A couple of sights seen during a brief in-and-out of P'town this past weekend:

A short distance from Mike's summer home was Grey Power, an Open 60 sailed by a true icon - Sir Robin Knox-Johnston, the first man to complete a solo nonstop circumnavigation back in 1969 aboard his 32 foot ketch, Suhali... in 2007, at age 68, he circumnavigated solo again, this time aboard the Open 60 in the Velux 5 Oceans Race, a single-handed race sailed in stages... now 76, he will be sailing Grey Power in the upcoming 2015 Transatlantic from Newport to Cowes that also features the stars of this year's Les Voiles - Phaedo 3, Comanche, and Rambler...

rkjpt.jpg

With Sir Robin in town, it seemed fitting that the Juan Sebastián de Elcano, the 371 foot tall ship that the Royal Spanish Navy uses for training, could be found anchored a bit off the tip of the Cape... she is named after the man who led the first circumnavigation as captain of Magellan's fleet and carries de Elcano's coat of arms with a globe and the motto Primus Circumdedisti Me -  first to circumnavigate me.

elc1.jpg
elc2.jpg
elc3.jpg

(apologies for using iPhone photos)

----------


## MIke R

Have you seen where I ve moved to in the harbor????

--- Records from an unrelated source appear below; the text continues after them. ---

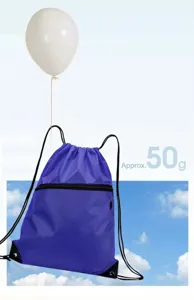 Oxford Stoff Kordelzug Rucksack Detail, leichte Sport Fitness Tasche mit praktischen Kordeln.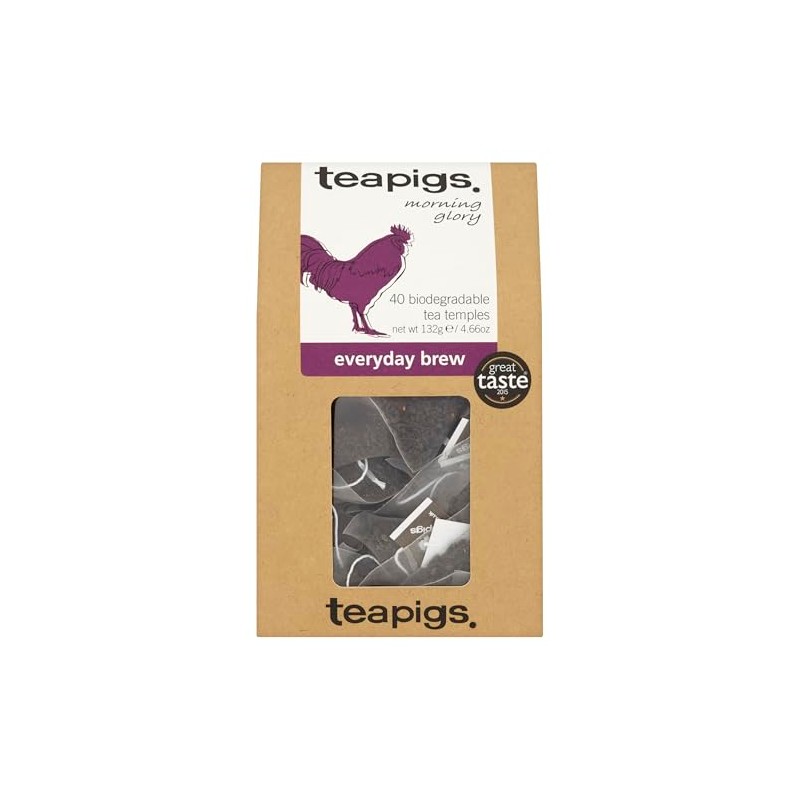 Teapigs Everyday Brew 40 Biodegradable Tea Temples, 132 g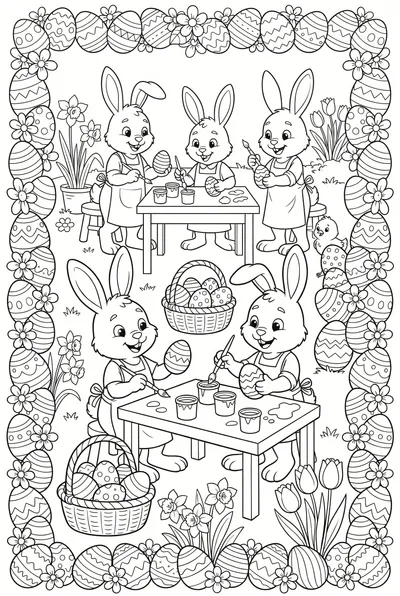 Joyful Easter Bunny Workshop Scene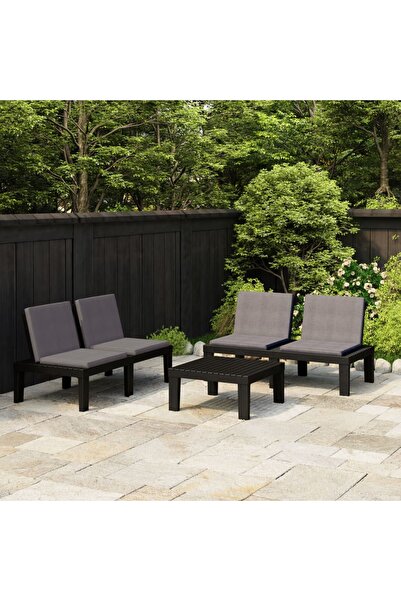 Concept Set mobilier de grădină cu perne, 3 piese, gri, plastic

boats look great...I ll be there tomorrow ....for good

----------


## T3

> Have you seen where I ve moved to in the harbor????
> 
> boats look great...I ll be there tomorrow ....for good




... right in Grey Power's foretriangle in the picture, if I remember... quiet area after Tea Dance...

----------


## MIke R

I love it.....no boat traffic.....very quiet at night....calm in south westerlies.....under the protection of the  Coast Guards security camera ..... directly off my old house......and I own it...no more begging to sit on someone's unused mooring ....and its an ex Coast Guard mooring so over kill on everything....7000 pound block...7/8ths chain...big honkin swivels and shackles ....

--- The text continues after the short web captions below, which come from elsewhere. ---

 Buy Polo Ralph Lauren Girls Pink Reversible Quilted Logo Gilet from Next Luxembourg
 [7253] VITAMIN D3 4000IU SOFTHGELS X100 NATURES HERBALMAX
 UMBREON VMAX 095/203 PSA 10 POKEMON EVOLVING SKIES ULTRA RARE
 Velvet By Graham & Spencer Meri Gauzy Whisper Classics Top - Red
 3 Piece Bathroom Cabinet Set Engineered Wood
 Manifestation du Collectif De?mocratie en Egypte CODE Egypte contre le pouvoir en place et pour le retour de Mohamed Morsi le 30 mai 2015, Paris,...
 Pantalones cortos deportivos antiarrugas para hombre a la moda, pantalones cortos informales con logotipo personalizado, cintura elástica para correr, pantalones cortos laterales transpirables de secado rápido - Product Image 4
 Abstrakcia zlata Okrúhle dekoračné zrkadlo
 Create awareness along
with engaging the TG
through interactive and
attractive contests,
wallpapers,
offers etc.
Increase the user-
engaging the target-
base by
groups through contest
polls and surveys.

i I ve been waiting three years to get this mooring

----------


## MIke R

Yeah you re right I zoomed on the pic and that's me.....

----------


## T3

> I love it.....I ve been waiting three years to get this mooring



and not downwind of these guys...

corm.jpg

----------


## MIke R

Yeah and that too .....

----------


## MIke R

My commute to work is s little longer though ...,,7 minutes compared to what was 4....,, :cool:

----------


## MIke R

The hood looks good tonight 


image.jpg

----------


## davesmom

Gorgeous photo!  Hope your weather is getting better!  Come to SD and enjoy the sunshine!!  (OK, beer, too!!!)  Happy summer to you, Wendy, and Lena!!

----------


## T3

Nice having the Coast Guard Pier between your 'hood and the largest of the stray boats today...

pt628.jpg

----------


## MIke R

I wasn't on my mooring I went into the marina last night ....what a sh*t show ...we registered a transient 53 foot sailboat and put him in our heaviest mooring ...told him TO PUT CHAFFING GEAR ON THE MOORING LINE for the storm .....he didn't AND he left the boat uncrewed...,so the 53 footer parted it's mooring line this morning at the height of the storm  ( I saw it happen and reported it ) due to no chaffing gear and started screaming towards coast guard pier where it hit and hung up on another boat flipping it over and sank it before US Tow boat arrived to get a line on her and tie her to the wharf .,.  What  a mess ......top five worst summer storms in my years here ..,...I couldn't get a slip because they were sold out but I got in tight to the building on a mooring and STILL got the living crap beat  out of me from 3 AM to 8AM ......one of my worst nights ever in this harbor ..,,water went over the breakwater at high tide effectively rendering the break wall ineffective and then the  fun really started .....the boat on the right in your pics is the one the 53 footer hit and sunk

----------


## amyb

Glad youcame through the prdeal safe. What a horrible experience.

----------


## MIke R

Thanks Amy

you must have shot those pics late this afternoon as I see I'm back on my mooring in the pic and I didn't go back until around 4

----------


## KevinS

T3, I spent the weekend in Mike's 'hood.  Lowlights were last night's blowing like stink weather.  Highlights were dinner at Front St with SBH friends, and two new-to-me restaurants, Devon's Food Bar on Bradford, and Mac's on Shank Painter.  If you haven't tried it, the homemade corned beef hash at Devon's is excellent.  Likewise, the Flounder BLT at Mac's is worth a try, as are their outstanding fries.  There are many things on their menu that looked good, so I'll be back there whenever I'm in town.

----------


## T3

Pics were taken around 5 - well after things had calmed down and I saw your boat on the mooring... I think 1 or 2 small boats got free on your side of the pier so you were still better off getting behind the breakwater... these winter storms are bad news...

----------


## T3

> T3, I spent the weekend in Mike's 'hood.  Lowlights were last night's blowing like stink weather.  Highlights were dinner at Front St with SBH friends, and two new-to-me restaurants, Devon's Food Bar on Bradford, and Mac's on Shank Painter.  If you haven't tried it, the homemade corned beef hash at Devon's is excellent.  Likewise, the Flounder BLT at Mac's is worth a try, as are their outstanding fries.  There are many things on their menu that looked good, so I'll be back there whenever I'm in town.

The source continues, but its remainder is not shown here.